James Reel at AllMusic says the work is “comparatively ascetic” with all three movements ending in a soft pp dynamic. That being said, the first movement presents an expansive development section, at least relative to the previous op. 12 sonatas we discussed. There’s an aggressive, angular first theme, and a more reserved second theme that unfortunately doesn’t get much airtime in the development section. In lieu of that we are presented with some new material, which again shows up in the coda. Listen for some interesting syncopation and rhythms. The movement ends dramatically, but that doesn’t mean loudly, as we have stated, with quiet pauses. That in itself is a surprise after all the struggle in this movement.

The second movement is also in sonata form, A major and E major, with a codetta. The piano begins, stating the theme, and the violin echoes it. At first, you may think this is a proper, serious slow movement, something poetic, and it is indeed very pretty, but it’s also got some humor. The imitation here is like a conversation between siblings mocking or echoing each other. There’s a simple development, with embellished recapitulation. Ethan Allred mentions at CMNW “a serious fugue-like section, then to a silly Haydn-esque bouncing section.” Tongue in cheek, if you ask me.

The finale is a rondo, almost half of which is coda. This is a finale that in this small, early work, still needs to match the intensity of the opening movement, and we can see it does that. The third episode of this rondo is quite long. The 20-bar refrain is a winding, spinning melody which closes quietly, and then we move through a few different keys in the different episodes before reaching the big coda, which serves to wrap up the movement both logically and theatrically.
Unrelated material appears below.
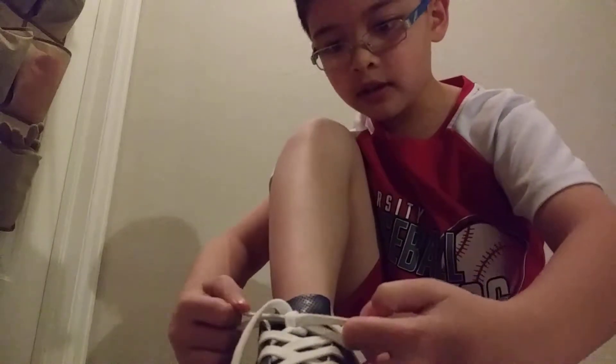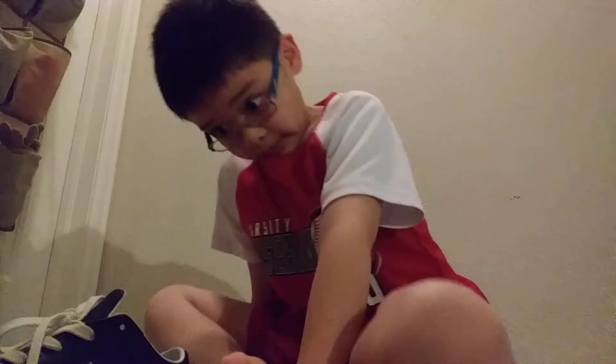And then just tie it and then you're done. That's how you tie your shoes. If you want any more suggestions on how to tie your shoe, we'll do that. Okay, bye.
A rondo may be a little easier for a listener to follow than a sonata-form movement in that we have something that recurs between the other episodes, something to kind of fall back on or use to get our bearings. Listen for that winding, snaking theme in this shortest movement of the work and then you know everything in between is Beethoven being creative and musical.

We said earlier that this is the first of Beethoven’s sonatas to get any kind of positive reaction, but Allred isn’t as positive about it as perhaps was Beethoven’s contemporary audience. He says that “As a whole, the sonata lacks the directionality and focused form of many Beethoven sonatas, leaving space for some very unique experiments.” Now, maybe that’s not a criticism, per se, as much a compliment of the rest of the composer’s output, as to say that the others are of such elevated genius that it’s hard for this work to reach. I don’t know, but listening to the last few busy pages of this work, before the quiet close, it’s hard to think that an audience wouldn’t be at least a bit charmed by the theatrics.

If there’s one thing positive we could say about it in keeping with Allred’s observations, and it may not even sound positive, is that it’s a bit impulsive, youthful, as he said, ‘experimental’. Maybe that’s at the expense of being cohesive, but it does interest me that this work was considered successful when now, as Lewis Lockwood says, considered to be “the wayward stepchild among Beethoven’s violin sonatas, and perhaps among all his chamber music.”

But that’s really all just opinion, isn’t it? If you’re interested in reading some really detailed material about these two sonatas, you can find a thesis here. Otherwise, just make note of the humor in the second movement and the fireworks in the third, with that rondo form.